RECORDED DATA |
##############################

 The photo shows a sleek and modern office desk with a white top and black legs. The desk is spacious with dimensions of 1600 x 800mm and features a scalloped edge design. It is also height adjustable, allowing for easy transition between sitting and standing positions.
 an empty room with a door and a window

##############################

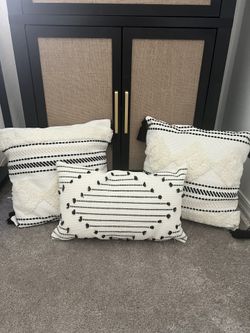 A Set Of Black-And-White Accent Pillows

##############################

TASK BRIEF |
In the listing above, find the line containing "The photo shows" and the line containing "an empty room with a door and a window". Output them and every line between, exactly, and nothing else.

TASK SOLUTION |
 The photo shows a sleek and modern office desk with a white top and black legs. The desk is spacious with dimensions of 1600 x 800mm and features a scalloped edge design. It is also height adjustable, allowing for easy transition between sitting and standing positions.
 an empty room with a door and a window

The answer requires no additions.